> [Listed entries]
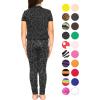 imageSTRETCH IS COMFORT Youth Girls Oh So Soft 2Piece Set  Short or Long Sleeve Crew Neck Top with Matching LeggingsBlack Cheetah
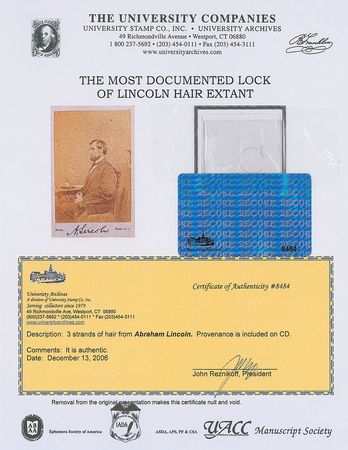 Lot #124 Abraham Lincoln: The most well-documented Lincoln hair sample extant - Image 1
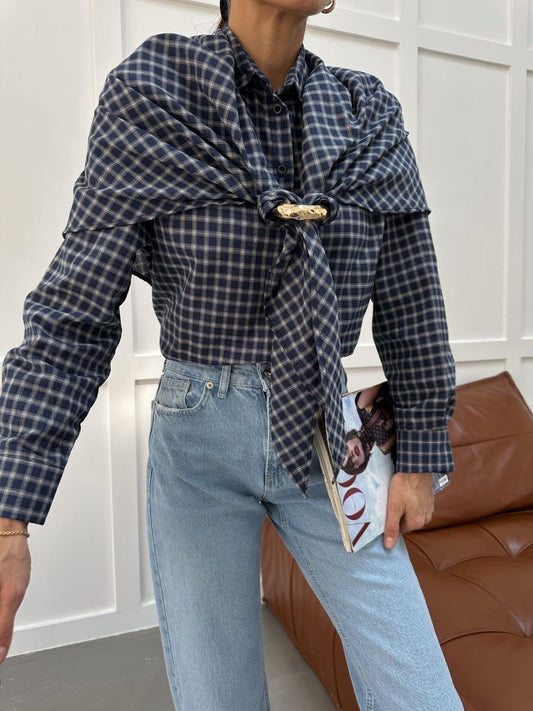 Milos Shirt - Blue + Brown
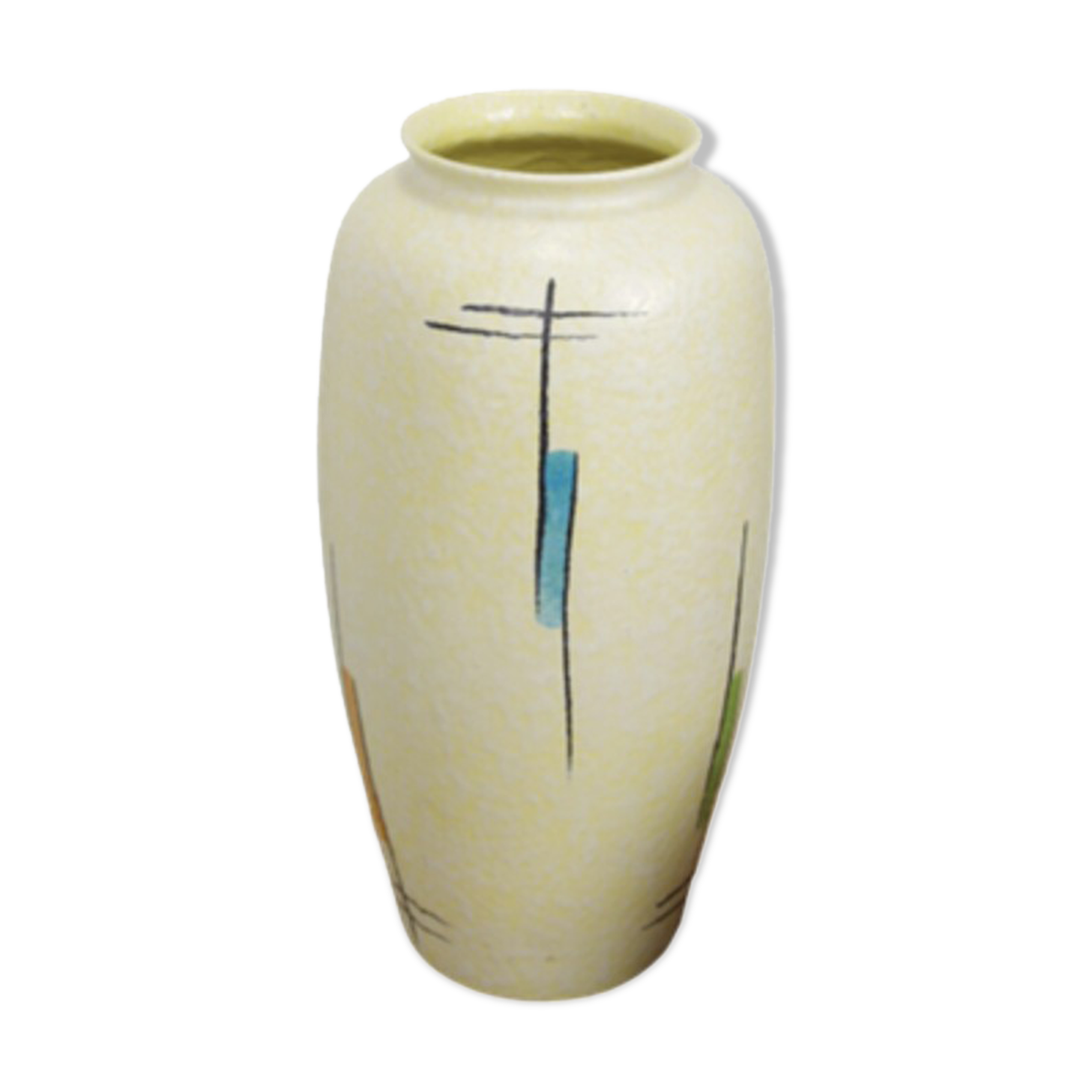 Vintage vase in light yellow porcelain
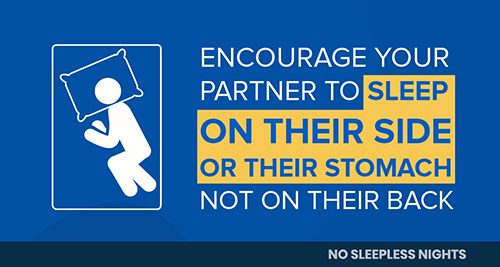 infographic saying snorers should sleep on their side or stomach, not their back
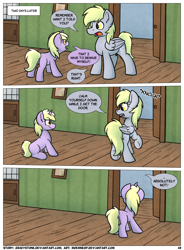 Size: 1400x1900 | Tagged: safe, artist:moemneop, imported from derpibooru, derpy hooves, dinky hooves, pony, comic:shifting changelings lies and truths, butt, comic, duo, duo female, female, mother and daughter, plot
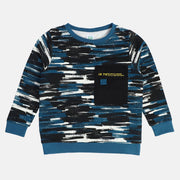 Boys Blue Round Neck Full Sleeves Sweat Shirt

==

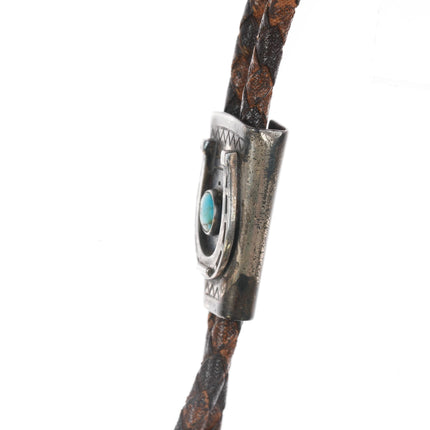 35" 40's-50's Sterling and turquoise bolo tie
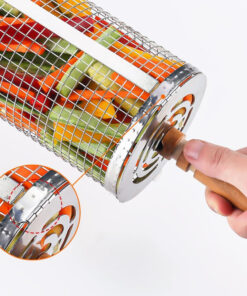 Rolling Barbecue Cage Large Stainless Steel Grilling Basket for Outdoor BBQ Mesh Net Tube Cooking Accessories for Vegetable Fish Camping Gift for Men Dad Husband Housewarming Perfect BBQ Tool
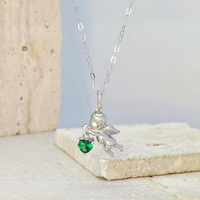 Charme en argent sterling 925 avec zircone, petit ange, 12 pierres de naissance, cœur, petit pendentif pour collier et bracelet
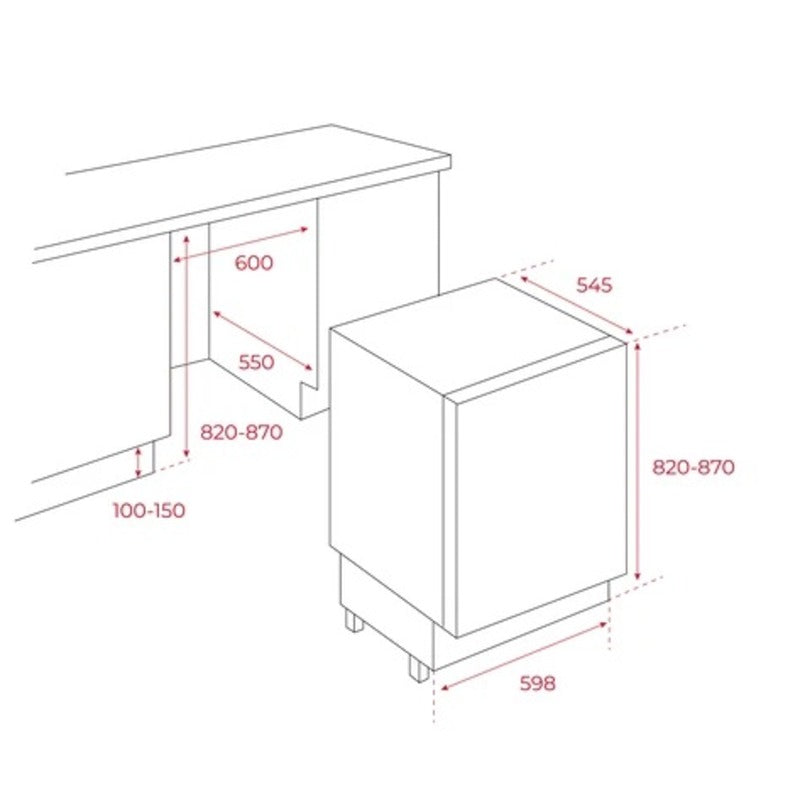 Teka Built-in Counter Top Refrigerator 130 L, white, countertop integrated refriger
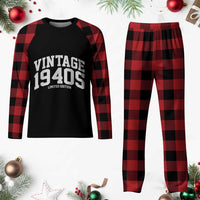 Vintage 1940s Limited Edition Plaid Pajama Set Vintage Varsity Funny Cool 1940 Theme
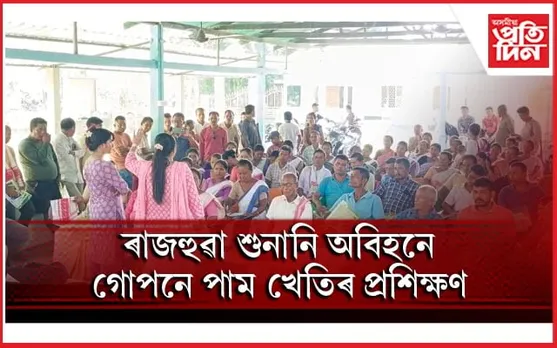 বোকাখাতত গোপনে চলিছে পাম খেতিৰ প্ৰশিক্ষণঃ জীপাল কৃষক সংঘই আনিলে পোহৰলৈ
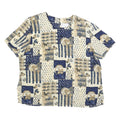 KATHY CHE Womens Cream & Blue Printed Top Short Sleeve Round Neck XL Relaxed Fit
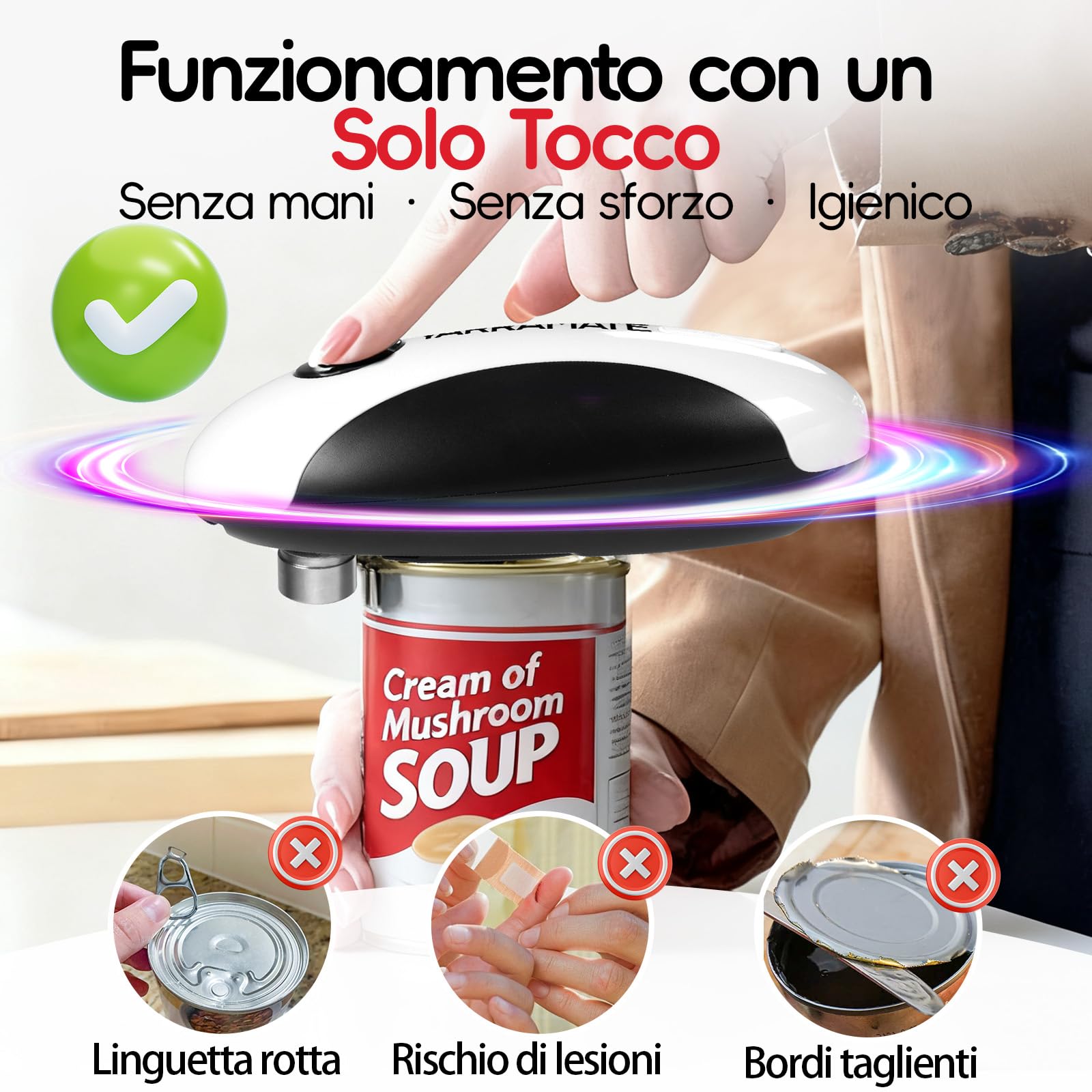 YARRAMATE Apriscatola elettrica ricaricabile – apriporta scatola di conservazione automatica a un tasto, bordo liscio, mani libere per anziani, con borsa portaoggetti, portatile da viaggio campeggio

...

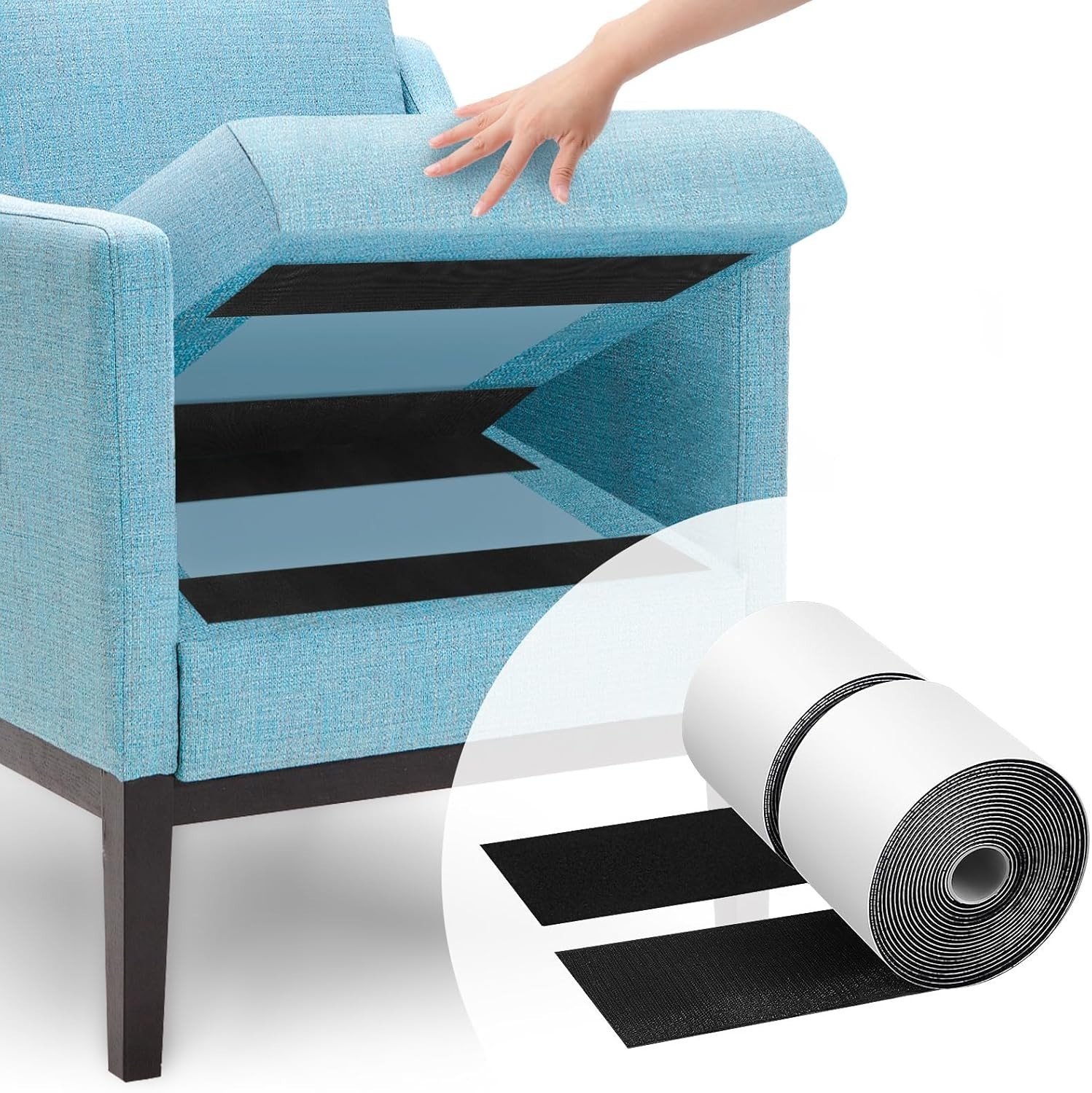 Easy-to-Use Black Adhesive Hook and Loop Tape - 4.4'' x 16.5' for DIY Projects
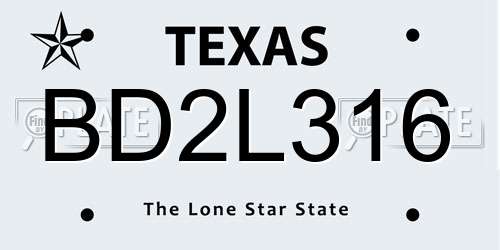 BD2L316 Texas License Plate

> [Aim of the exercise] Start with the line with "turquoise bolo tie" in the listing above and stop after the line with "YARRAMATE Apriscatola elettrica". Write out exactly the lines in that stretch and no others, without pictures.

> [Answer box]
 35" 40's-50's Sterling and turquoise bolo tie
 Rolling Barbecue Cage Large Stainless Steel Grilling Basket for Outdoor BBQ Mesh Net Tube Cooking Accessories for Vegetable Fish Camping Gift for Men Dad Husband Housewarming Perfect BBQ Tool
 Charme en argent sterling 925 avec zircone, petit ange, 12 pierres de naissance, cœur, petit pendentif pour collier et bracelet
 Teka Built-in Counter Top Refrigerator 130 L, white, countertop integrated refriger
 Vintage 1940s Limited Edition Plaid Pajama Set Vintage Varsity Funny Cool 1940 Theme
 বোকাখাতত গোপনে চলিছে পাম খেতিৰ প্ৰশিক্ষণঃ জীপাল কৃষক সংঘই আনিলে পোহৰলৈ
 KATHY CHE Womens Cream & Blue Printed Top Short Sleeve Round Neck XL Relaxed Fit
 YARRAMATE Apriscatola elettrica ricaricabile – apriporta scatola di conservazione automatica a un tasto, bordo liscio, mani libere per anziani, con borsa portaoggetti, portatile da viaggio campeggio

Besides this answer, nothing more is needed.